I sort of hate when the upstream make incompatible changes.
Patrick Cudahy
@pgcudahy

Hello, I have what I think is a simple question but haven't been able to get it to work. I'm processing genomes that are a mix of single-ended and paired-end reads. Before mapping them to a reference the commands are different between single and paired, so I have two parallel pipelines. But after mapping them, they're all bam files and I'd like to continue processing using just one pipeline. To show you what I mean, first I grab all the fastq files and join the ones that are paired. The filenames have the sample name followed by "_R1.fastq.gz" or "_R2.fastq.gz" to indicate a forward or reverse read.

[global]
import glob
import itertools
import os

fastq_files = sorted(glob.glob("/data/*.fastq.gz"))
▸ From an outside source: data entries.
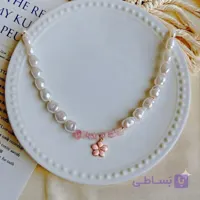 گردنبند مروارید دفرمه درشت و سنگ رز کوارترز با پلاک میناکاری گل کد۶۶۶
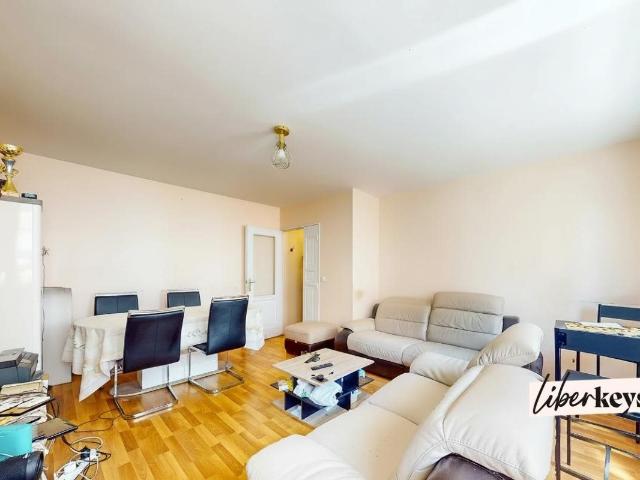 Investissement Locatif Clé En Main Appartement T2 Avec Par. 43m² Corbeil Essonnes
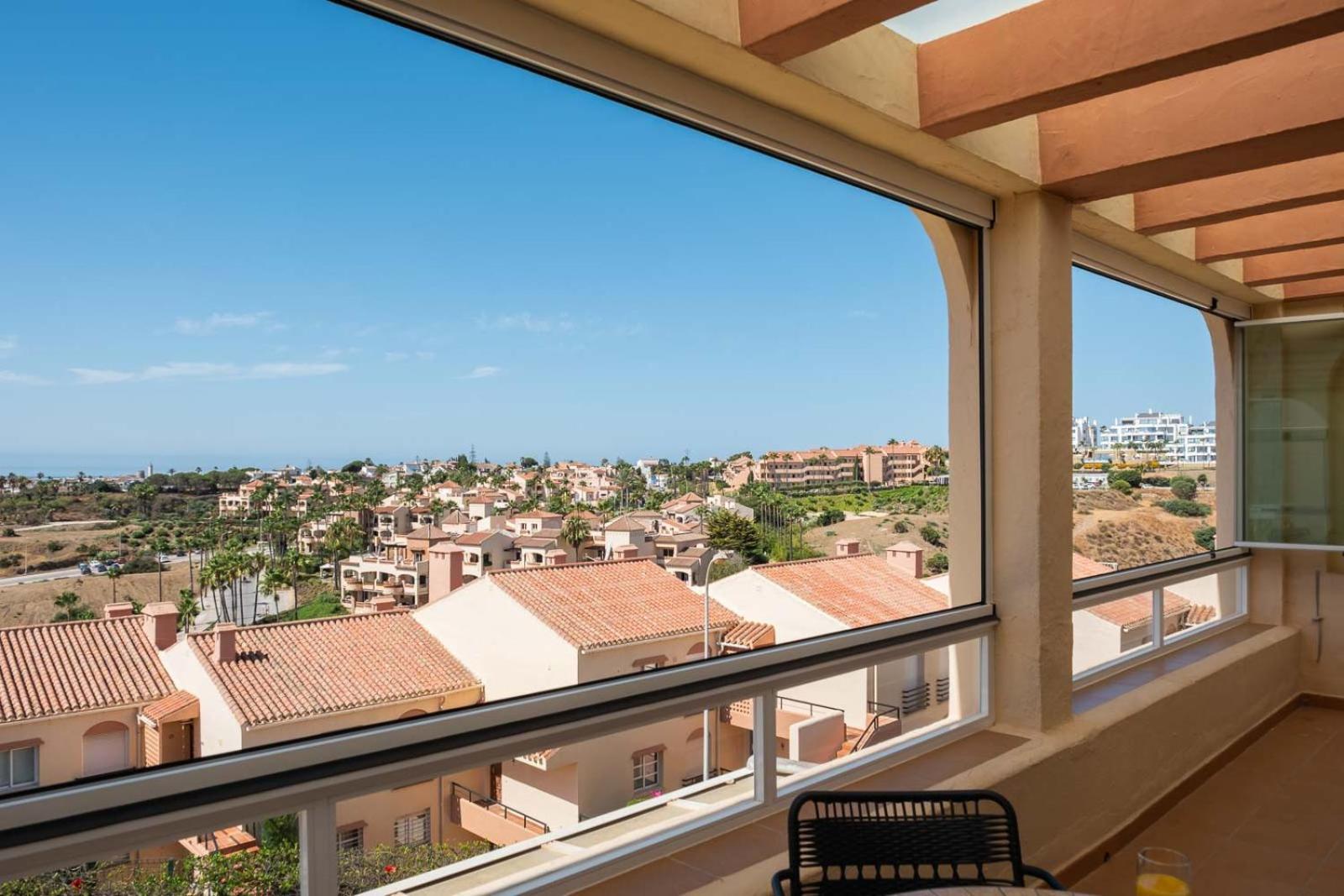 Family & Mijas Costa & Fuengirola By Alfresco Apartment *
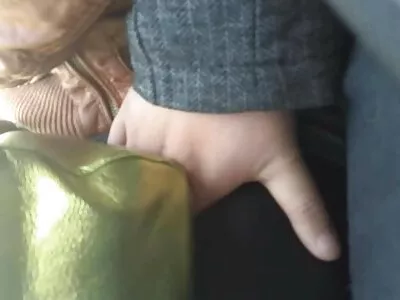 Кавалер цпокнув худорлявку Евелін безкоштовне відео порно в різні дірочки і скінчив у попку.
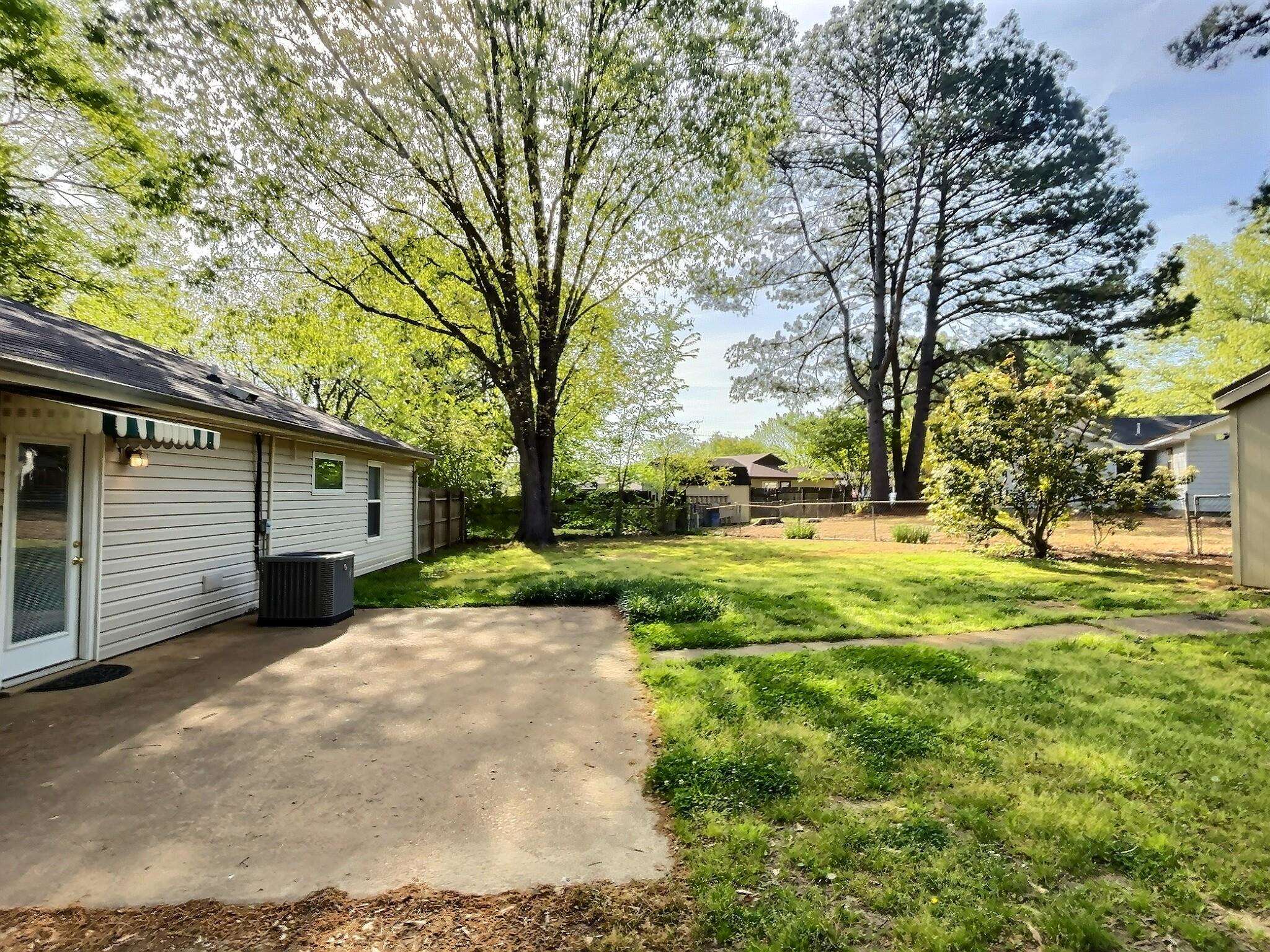 495 Greenview Cove Collierville, TN 38017 - Photo 17 of 18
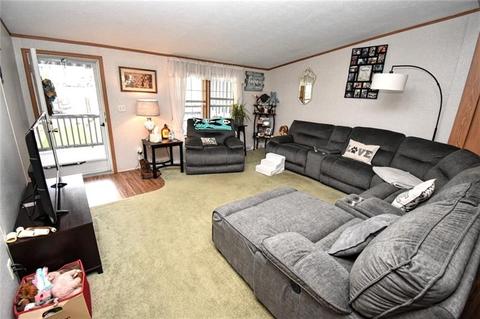 107 Eagle Pointe Ests, New Eagle, PA 15067 photo 10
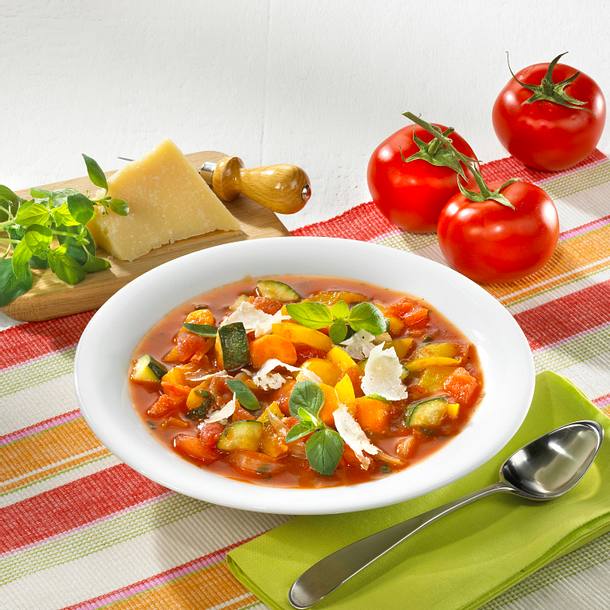 Tomaten-Minestrone mit Käse Rezept Tomaten-Minestrone mit Käse Rezept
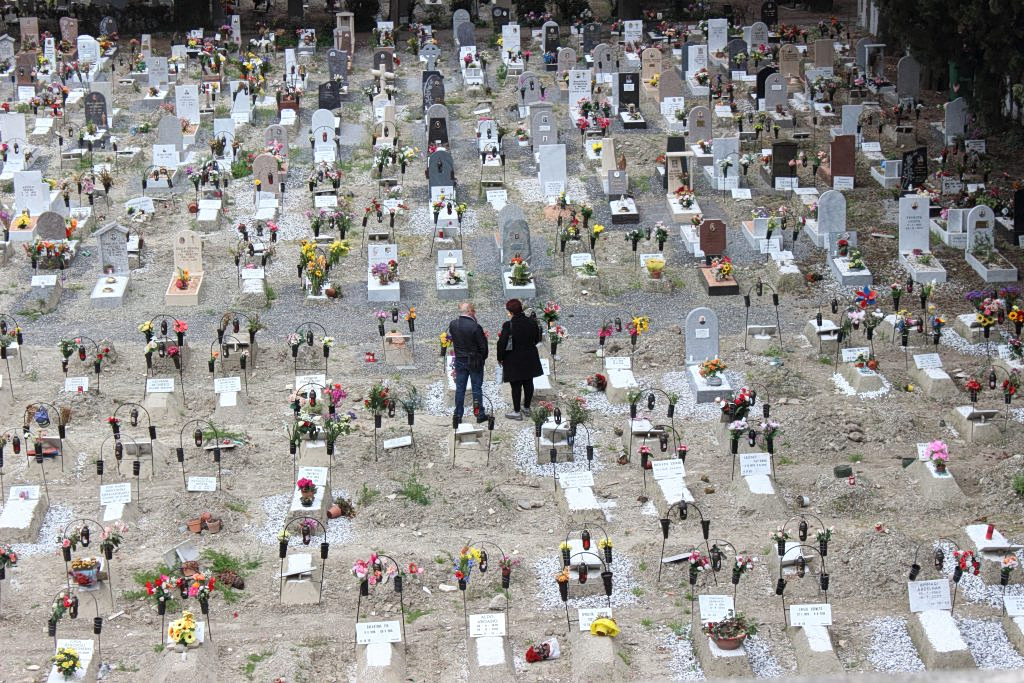 Death Trends in Greece Show Regional and Age Shifts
grouped_fastq_dict = dict()
for k, v in itertools.groupby(fastq_files, lambda a: os.path.split(a)[1].split("_R", 1)[0]):
    grouped_fastq_dict[k] = list(v)

single_read, paired_read = dict(), dict()
for k,v in grouped_fastq_dict.items():
    if len(v) == 1:
        single_read[k] = v
    elif len(v) == 2:
        paired_read[k] = v
    else:
        print(f'Error: {k} has < 1 or more than 2 associated fastq files')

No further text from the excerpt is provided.